Work instruction: Only the lines from the one containing "Wholesale Turkey Eye" to the end of the listing below are wanted, repeated exactly.

Dataset extract:
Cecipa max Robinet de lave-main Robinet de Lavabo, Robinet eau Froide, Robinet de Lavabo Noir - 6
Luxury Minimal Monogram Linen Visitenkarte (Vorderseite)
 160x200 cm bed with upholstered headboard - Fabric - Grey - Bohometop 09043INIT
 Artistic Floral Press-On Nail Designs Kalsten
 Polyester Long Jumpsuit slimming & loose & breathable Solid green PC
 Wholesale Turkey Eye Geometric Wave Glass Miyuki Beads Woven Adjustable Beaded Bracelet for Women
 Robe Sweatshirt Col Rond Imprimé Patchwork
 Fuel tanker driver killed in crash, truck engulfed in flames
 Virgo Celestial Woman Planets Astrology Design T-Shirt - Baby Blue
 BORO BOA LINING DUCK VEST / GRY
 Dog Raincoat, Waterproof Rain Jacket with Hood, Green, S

Expected answer:
 Wholesale Turkey Eye Geometric Wave Glass Miyuki Beads Woven Adjustable Beaded Bracelet for Women
 Robe Sweatshirt Col Rond Imprimé Patchwork
 Fuel tanker driver killed in crash, truck engulfed in flames
 Virgo Celestial Woman Planets Astrology Design T-Shirt - Baby Blue
 BORO BOA LINING DUCK VEST / GRY
 Dog Raincoat, Waterproof Rain Jacket with Hood, Green, S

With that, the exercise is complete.